*Task statement*
Could you transcribe the records below exactly, leaving out every picture?

[Start of Attachment]

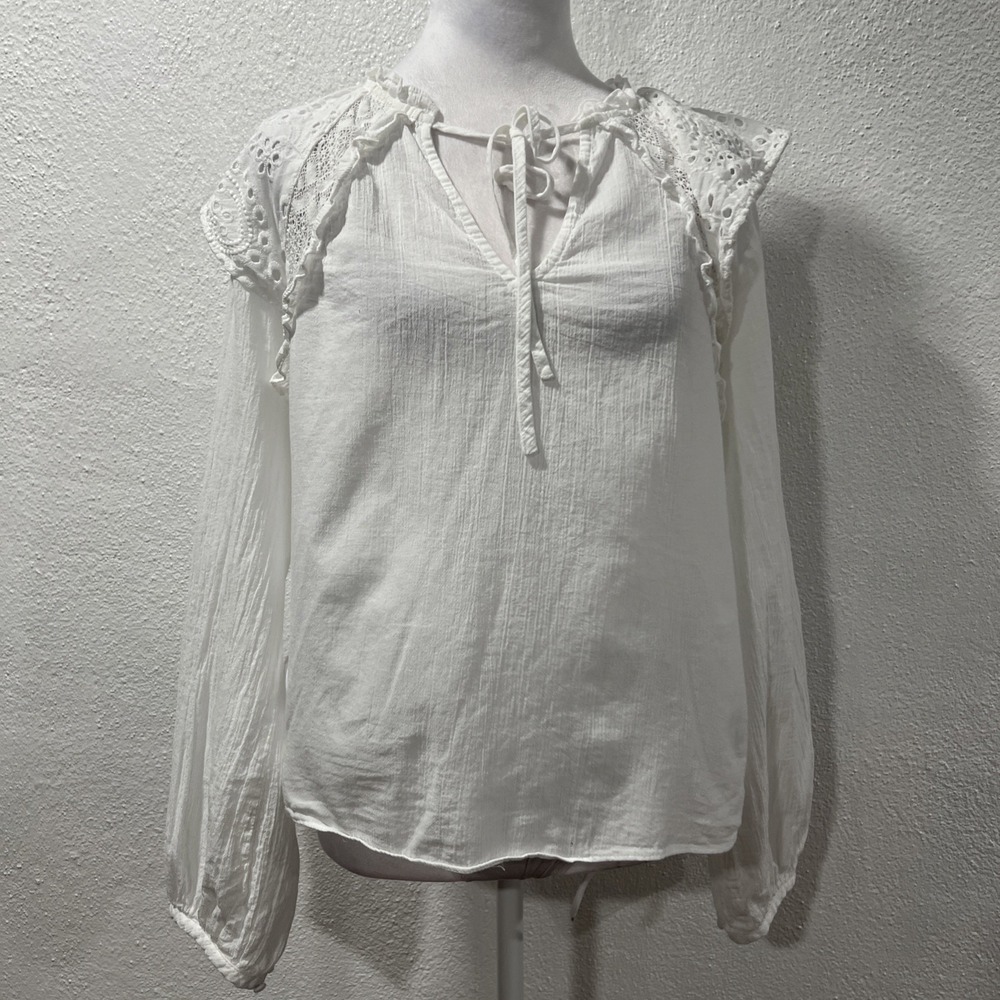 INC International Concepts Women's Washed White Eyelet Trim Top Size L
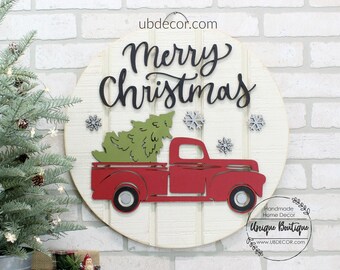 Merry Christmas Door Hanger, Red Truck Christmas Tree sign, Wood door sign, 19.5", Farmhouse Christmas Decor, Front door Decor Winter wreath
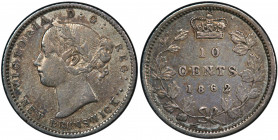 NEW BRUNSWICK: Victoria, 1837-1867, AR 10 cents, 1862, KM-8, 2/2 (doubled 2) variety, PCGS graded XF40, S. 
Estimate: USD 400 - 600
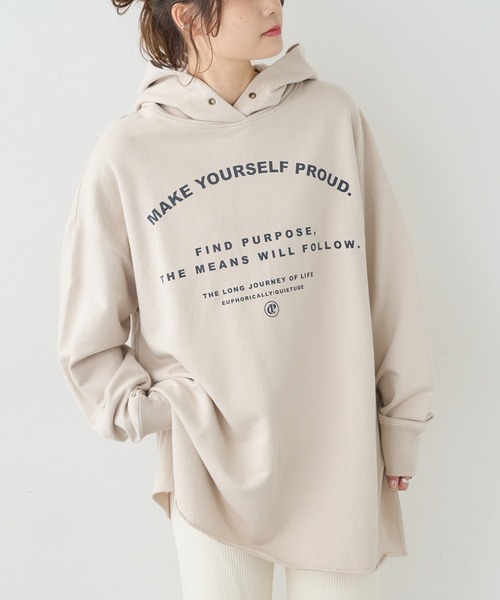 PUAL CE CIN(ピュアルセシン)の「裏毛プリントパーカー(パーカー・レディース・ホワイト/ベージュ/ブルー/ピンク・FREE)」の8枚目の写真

[End of Attachment]

*Your solution*
 INC International Concepts Women's Washed White Eyelet Trim Top Size L
 Merry Christmas Door Hanger, Red Truck Christmas Tree sign, Wood door sign, 19.5", Farmhouse Christmas Decor, Front door Decor Winter wreath
 NEW BRUNSWICK: Victoria, 1837-1867, AR 10 cents, 1862, KM-8, 2/2 (doubled 2) variety, PCGS graded XF40, S. 
Estimate: USD 400 - 600
 PUAL CE CIN(ピュアルセシン)の「裏毛プリントパーカー(パーカー・レディース・ホワイト/ベージュ/ブルー/ピンク・FREE)」の8枚目の写真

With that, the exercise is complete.